Acting like a sour, severely constipated version of Thurston Howell III, Maher dismisses red states as "flyover states," and boasts, "They don't hate us - they want to be us.... We have orchestras, theater districts, world-class shopping and Chef Wolfgang Puck; they have Chef Boyardee." Just like how "Back in the day, flying was a joy" before it got ruined by having to share planes with all the hoi polloi.

But Maher's most complete contempt is for southerners since we are "the Waffle House states," supposedly the only ones guilty of slavery, and we now have "voter suppression" despite our spiking voter turnout rates, especially among minorities. Furthermore, he finds a new "art museum in Bentonville, Arkansas" to be absurd because it is "five hundred miles away from the nearest person who would ever want to look at art." As for Dixie's elected officials, "I know it's counterintuitive, but apparently the governor of Florida reads." Lamenting our partisan divide, he informs us, "In some families, even siblings have stopped speaking to one another, which makes it hard to get laid in the South."

To be fair, who thinks Maher likes any part of what he berates as "this hateful, spiteful country"? Whatever his prejudices, he is often just mean.

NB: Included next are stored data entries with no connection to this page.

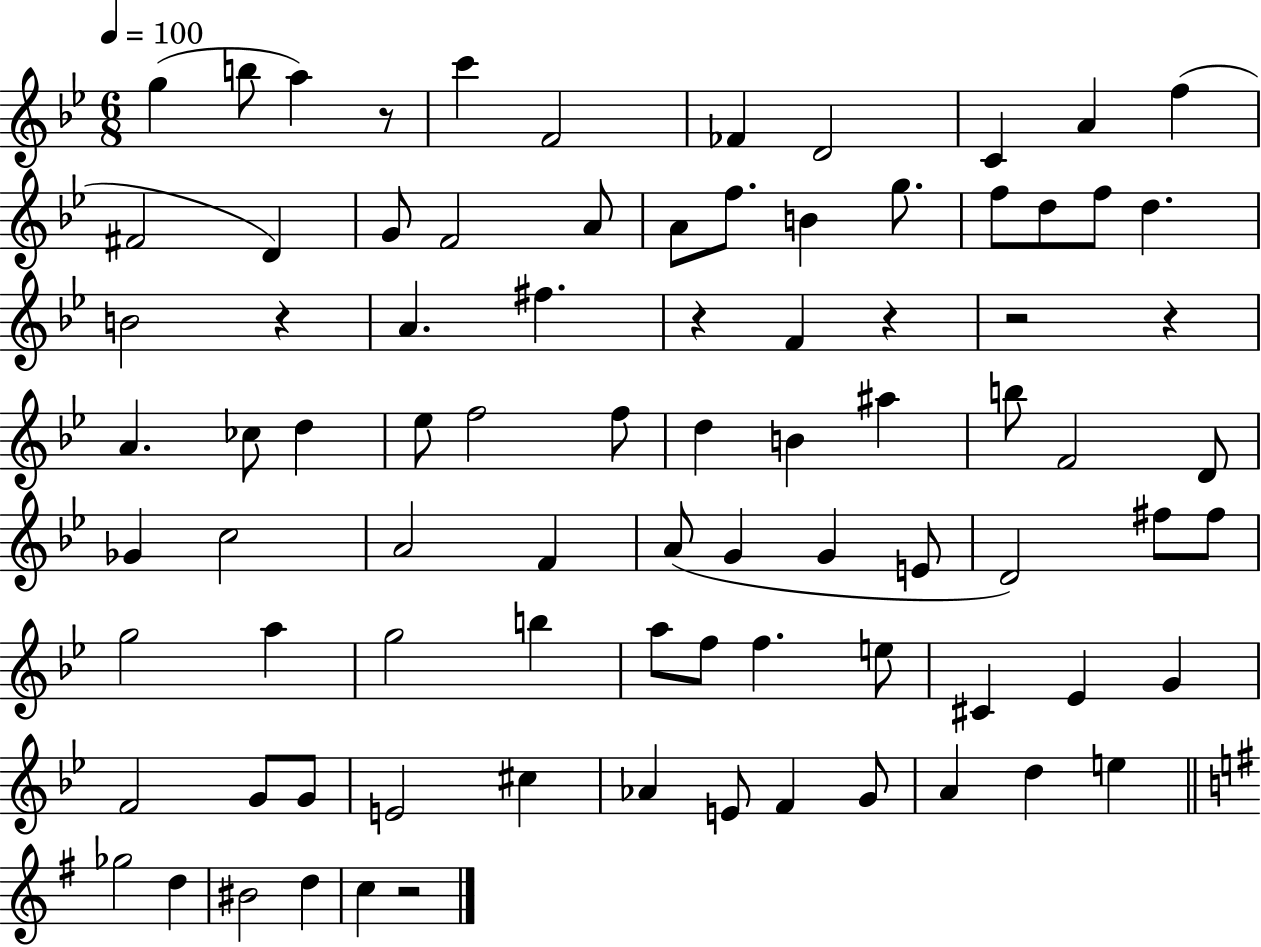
X:1
T:Untitled
M:6/8
L:1/4
K:Bb
g b/2 a z/2 c' F2 _F D2 C A f ^F2 D G/2 F2 A/2 A/2 f/2 B g/2 f/2 d/2 f/2 d B2 z A ^f z F z z2 z A _c/2 d _e/2 f2 f/2 d B ^a b/2 F2 D/2 _G c2 A2 F A/2 G G E/2 D2 ^f/2 ^f/2 g2 a g2 b a/2 f/2 f e/2 ^C _E G F2 G/2 G/2 E2 ^c _A E/2 F G/2 A d e _g2 d ^B2 d c z2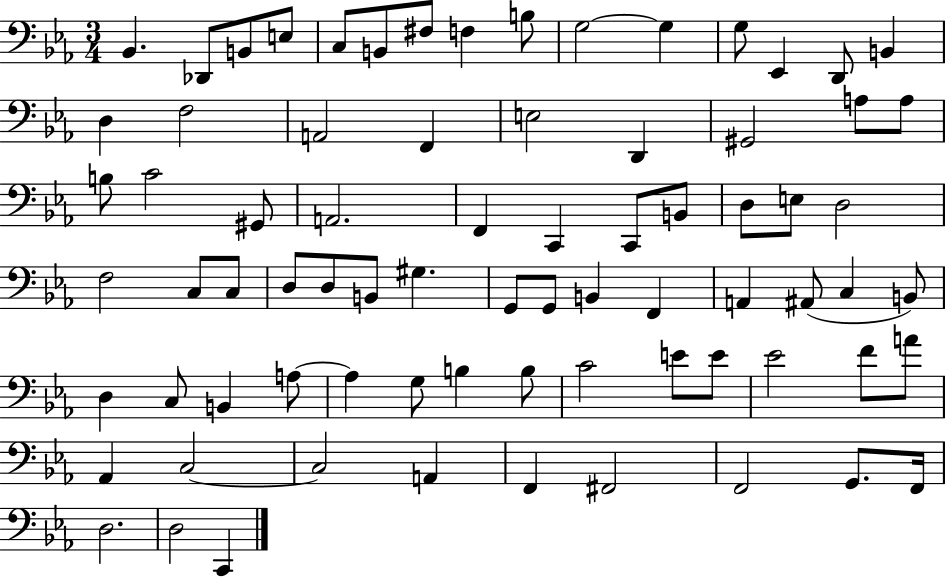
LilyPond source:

{
  \clef bass
  \numericTimeSignature
  \time 3/4
  \key ees \major
  \repeat volta 2 { bes,4. des,8 b,8 e8 | c8 b,8 fis8 f4 b8 | g2~~ g4 | g8 ees,4 d,8 b,4 | \break d4 f2 | a,2 f,4 | e2 d,4 | gis,2 a8 a8 | \break b8 c'2 gis,8 | a,2. | f,4 c,4 c,8 b,8 | d8 e8 d2 | \break f2 c8 c8 | d8 d8 b,8 gis4. | g,8 g,8 b,4 f,4 | a,4 ais,8( c4 b,8) | \break d4 c8 b,4 a8~~ | a4 g8 b4 b8 | c'2 e'8 e'8 | ees'2 f'8 a'8 | \break aes,4 c2~~ | c2 a,4 | f,4 fis,2 | f,2 g,8. f,16 | \break d2. | d2 c,4 | } \bar "|."
}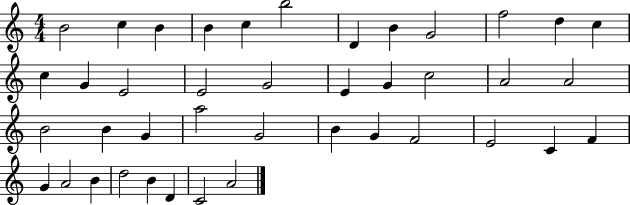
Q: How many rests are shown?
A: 0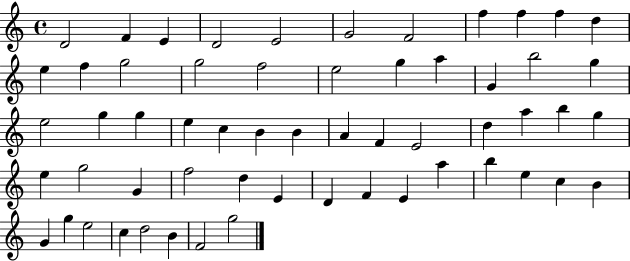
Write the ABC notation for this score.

X:1
T:Untitled
M:4/4
L:1/4
K:C
D2 F E D2 E2 G2 F2 f f f d e f g2 g2 f2 e2 g a G b2 g e2 g g e c B B A F E2 d a b g e g2 G f2 d E D F E a b e c B G g e2 c d2 B F2 g2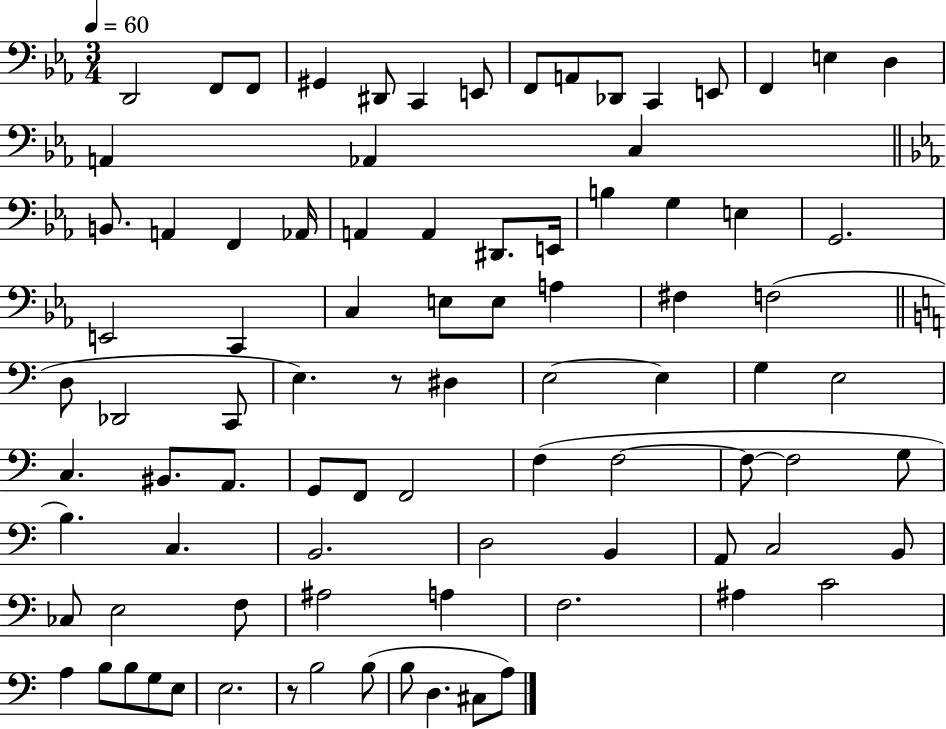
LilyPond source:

{
  \clef bass
  \numericTimeSignature
  \time 3/4
  \key ees \major
  \tempo 4 = 60
  d,2 f,8 f,8 | gis,4 dis,8 c,4 e,8 | f,8 a,8 des,8 c,4 e,8 | f,4 e4 d4 | \break a,4 aes,4 c4 | \bar "||" \break \key ees \major b,8. a,4 f,4 aes,16 | a,4 a,4 dis,8. e,16 | b4 g4 e4 | g,2. | \break e,2 c,4 | c4 e8 e8 a4 | fis4 f2( | \bar "||" \break \key c \major d8 des,2 c,8 | e4.) r8 dis4 | e2~~ e4 | g4 e2 | \break c4. bis,8. a,8. | g,8 f,8 f,2 | f4( f2~~ | f8~~ f2 g8 | \break b4.) c4. | b,2. | d2 b,4 | a,8 c2 b,8 | \break ces8 e2 f8 | ais2 a4 | f2. | ais4 c'2 | \break a4 b8 b8 g8 e8 | e2. | r8 b2 b8( | b8 d4. cis8 a8) | \break \bar "|."
}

For instance, despite having fun when Texas's junior GOP U.S. senator was enough of a good sport to come on his show, Maher now thanks him by asserting "everyone who's ever worked with Ted Cruz hates him." Worse, he blatantly gaybaits that South Carolina's Republican U.S. senator and confirmed bachelor "Lindsey Graham would volunteer for the anal probe." Maher may pronounce how "no one can do hate like a right-wing conservative," but his raw rants sure fooled me.

What This Comedian Said Will Shock You is certainly very readable, thought-provoking, and often humorous, and it is especially endearing when a prominent member of the chattering class has the courage to satirize both sides of our poisoned partisan politics, however unevenly. But as compelling and amusing as Maher's commentary can be, there is an ugly anger clothed in cartoonish arrogance that makes the comic's cries for tolerance ring hollow. Perhaps I just take him too seriously. This book can be enjoyable, but understand it does not hold all its targets to the same standard of fairness and decency - not remotely. There are plenty of pearls in this book, but you have to wade through a whole lot of mud to reach them.